Broker Check

HFG Mid-Year Report

July 07, 2026
I'm happy to report on the continued progress of our long-term plan during the very eventful first six months of 2026.
Please note that I don't mean “progress” in the narrow sense that our account values rose, although they did. If our account balances were actually down during this period, in one of the equity market's quite frequent drawdowns, the things that matter most to us—the remarkable increases in the earnings of our portfolio companies, as well as our rising dividend income—would still have produced genuine progress toward our goals.
As always, I divide this note into two parts: a restatement of our unchanging investment principles and policies, followed by whatever current observations can sensibly be drawn from this most turbulent half year.
General principles
  • We are goal-focused, plan-driven, long-term investors, working over years and even decades toward the attainment of your most important financial goals. We believe in holistic wealth management, which integrates retirement income, asset management, asset protection, estate planning, and tax management into a cohesive strategy.
  • We believe that for almost all our clients, the main reason you are building up liquid assets of stocks, bonds, mutual funds, and exchange-traded funds is to use them for passive income. The main goal of most people’s portfolio long-term is to use those assets to supplement the guaranteed income from Social Security and pensions. The goal of the portfolio is not solely to focus on the rate of return, but also to grow indefinitely. At some point, you will either use it during your lifetime or pass it to your kids.
  • We believe that money is just a resource and a tool. It is not the goal in and of itself. We want you to use the money you have to enrich your life with the things most people really desire: fulfilling relationships, memorable experiences, and a positive impact.
  • We believe in time segmentation, where you should have money in various buckets: now, soon, and later. Now is cash for needs within the year. Soon is usually 2 to 10 years and stable investments like cash, bonds, and annuities.
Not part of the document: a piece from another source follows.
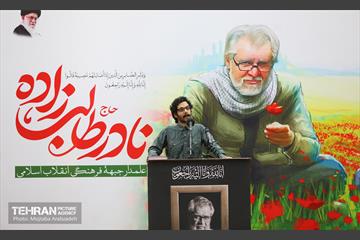 آیین یادبود نادر طالب زاده 6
The later bucket is for money 10 years or later and that is where stocks reside for the best long-term growth. However, those stocks are typically the most volatile. But because you have money in now and soon, you can ride out the volatility.
  • The sequence of our decision-making process is always: first, quantify your goals; second, make a rational plan for achieving those goals; and finally, create a portfolio whose historic returns seem best suited to your plan.
  • Unless your goals change, there should be no reason to alter your plan. And if your plan remains in place, so—broadly speaking—will our portfolio.
  • We do not react to current events of any kind, whether economic, financial, geopolitical, or otherwise.
  • We believe that the economy can never be consistently forecast, nor the markets consistently timed.
  • Hence, we've decided that to capture the full long-term returns of our equity portfolio, we must remain fully invested in it in “good” markets and “bad.”
Current comments
  • There has rarely been in my experience a more eventful six-month period than the one just past. A major war, severe disruption in energy prices, inflation, the sudden threat of higher rather than lower interest rates, equity valuations near historic highs, extreme concentration in the broad market averages, the total collapse of Bitcoin and the precious metals, and by far the biggest initial public offering in history—around spacecraft, of all things. Have I left anything out?
  • How would one go about making a rational investment policy out of this maelstrom? The answer—as I believe will be intuitive to all my clients—is that one doesn't, because one can't. It's at such times that we can stand back and almost celebrate such chaos, for one compelling reason: it has nothing to do with us.
  • As indicated above, we have goals, a plan, and a portfolio as closely aligned with both as we know how to make it. In practice, we are very broadly diversified equity investors, and we rebalance annually—the latter to systematically reduce our exposure to richly valued market sectors so we can increase our ownership in out-of-favor (and perhaps relatively more reasonably valued) areas.
  • It will not have escaped your notice that this is the opposite of what most investors do, especially at times like this: they go chasing the market sectors that have already appreciated the most, in the apparent belief that they can only go up even more.
  • Meanwhile, we who see ourselves as long-term owners of consistently superior businesses as distinctly opposed to traders in “the stock market” can only marvel at the extent to which the earnings of those companies have soared, and are continuing to do so. Moreover, their profit margins are at all-time highs, and they continue to raise their dividends, even as they invest in even more innovation and business growth.
  • None of this is meant to suggest that this hugely emotion-driven stock market can't significantly and even savagely correct at any moment. It can, and if history is any guide, it will—probably when the consensus is least expecting it. And because we know that our inability to time it is total, we will plan to ride it out, as we always have.
I'm here to respond to any and all questions and concerns you may have. Thank you, as always, for being my clients. It is a privilege, and indeed a joy, to serve you.